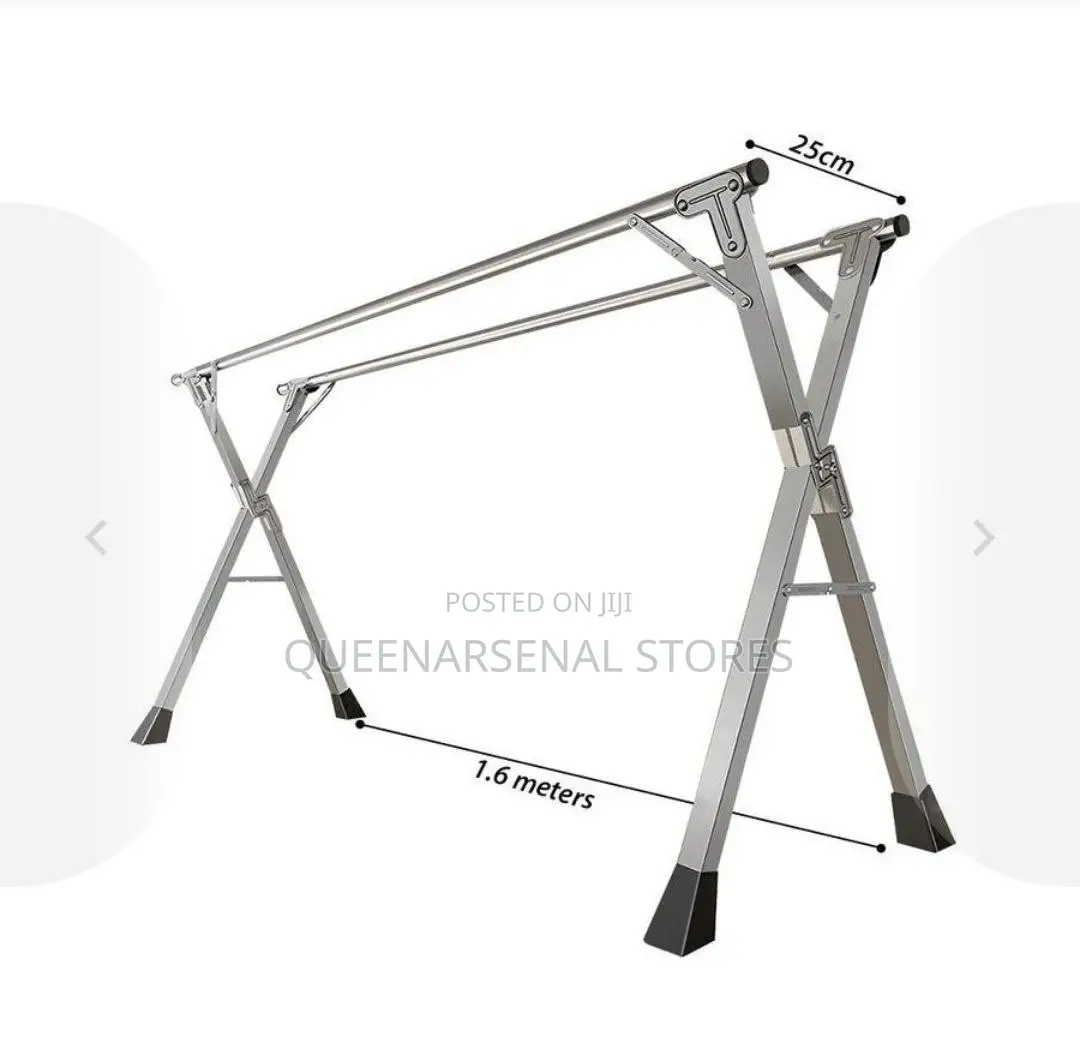 Expandable Cloth Drying Rack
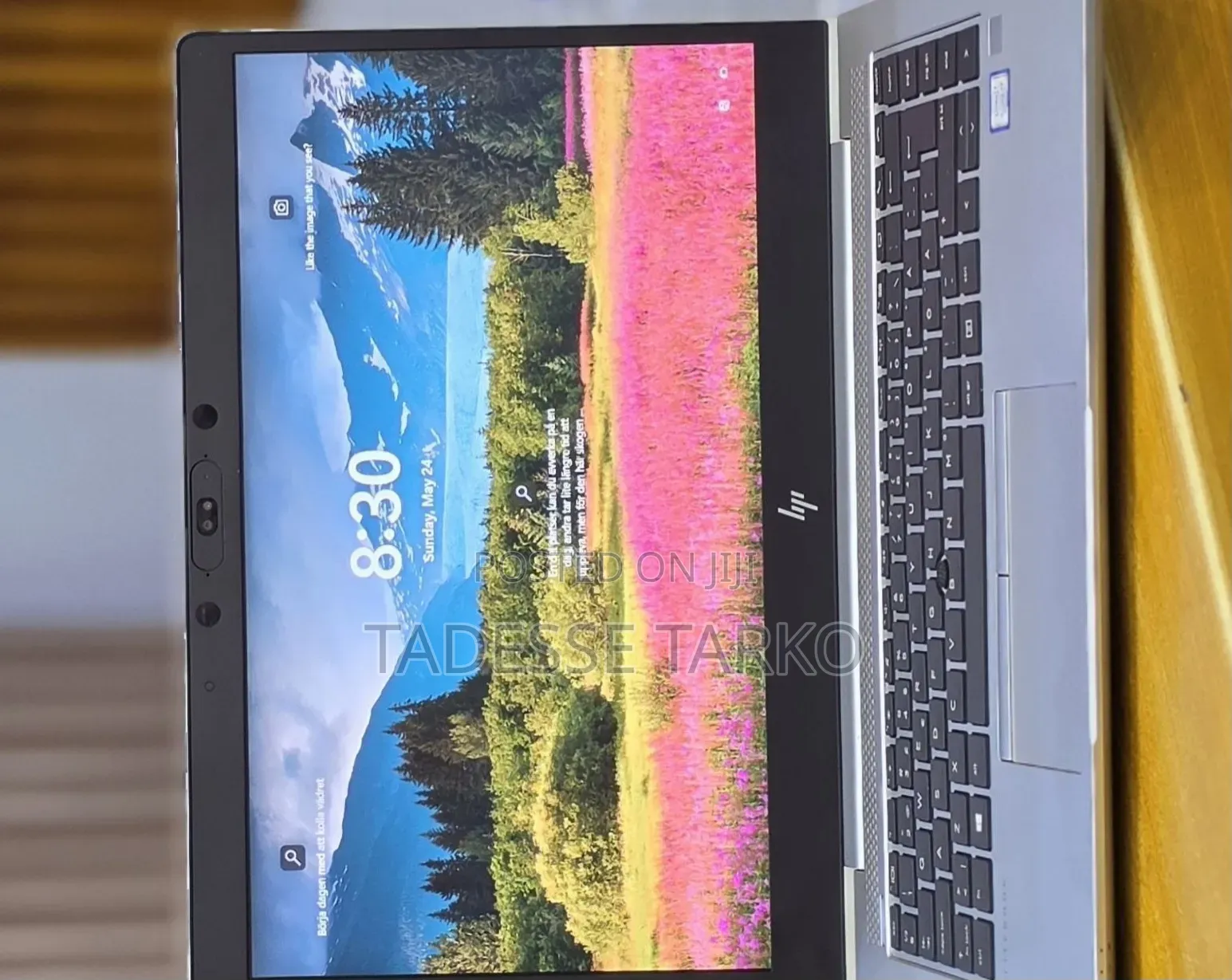 New Laptop HP EliteBook 840 G5 8GB Intel Core i7 SSD 256GB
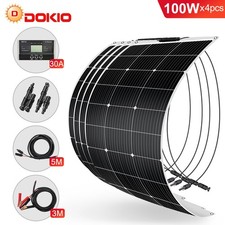 Dokio 200W 400W Flexible Solar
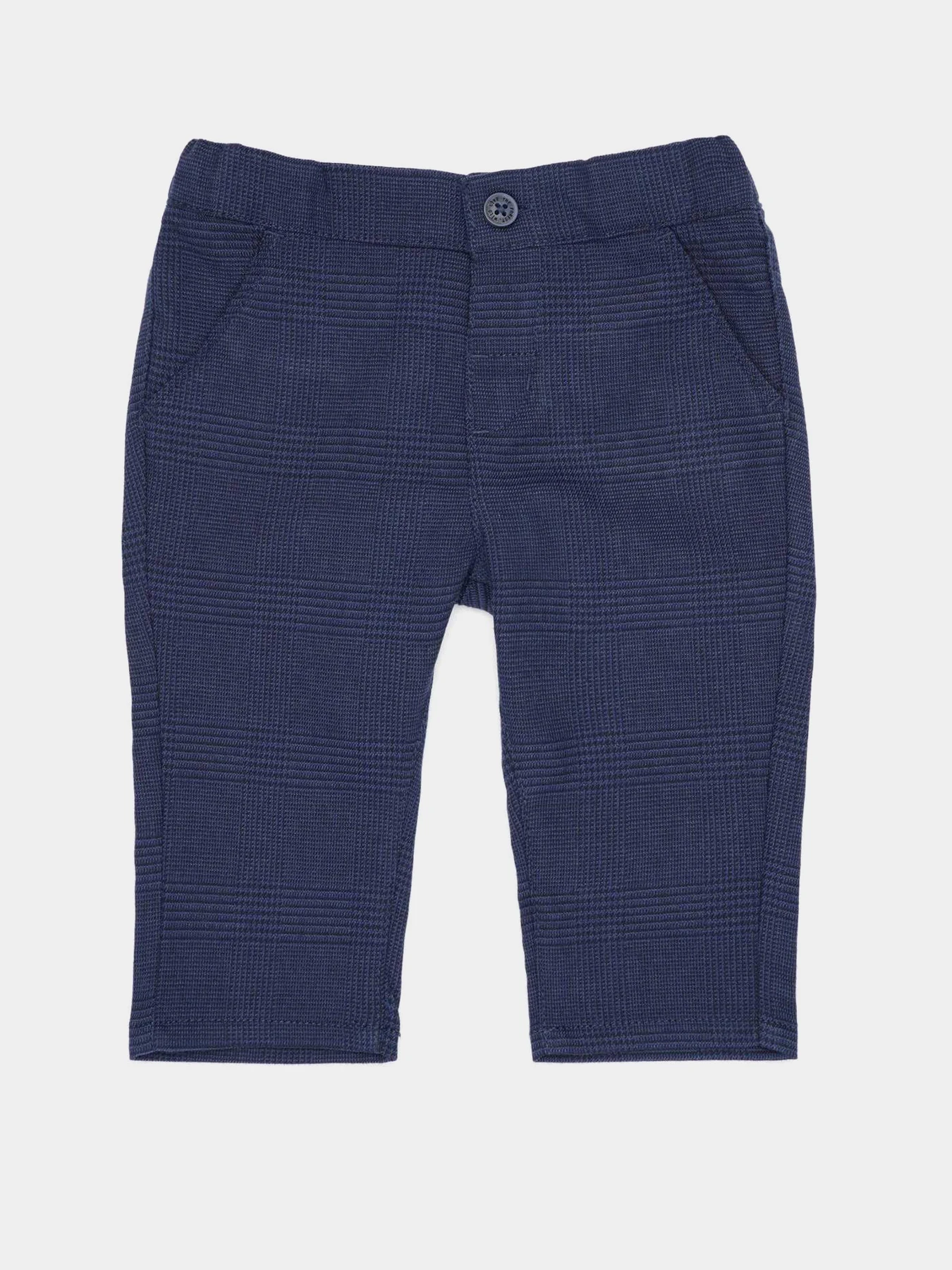 Брюки H&M модель 7756230kwer_Темно-синий Фото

## Problem to solve
Would you write out exactly the lines of the data from the one holding "Dokio 200W 400W Flexible Solar" to the final line, both included, with pictures left out?

## Finished task
 Dokio 200W 400W Flexible Solar
 Брюки H&M модель 7756230kwer_Темно-синий Фото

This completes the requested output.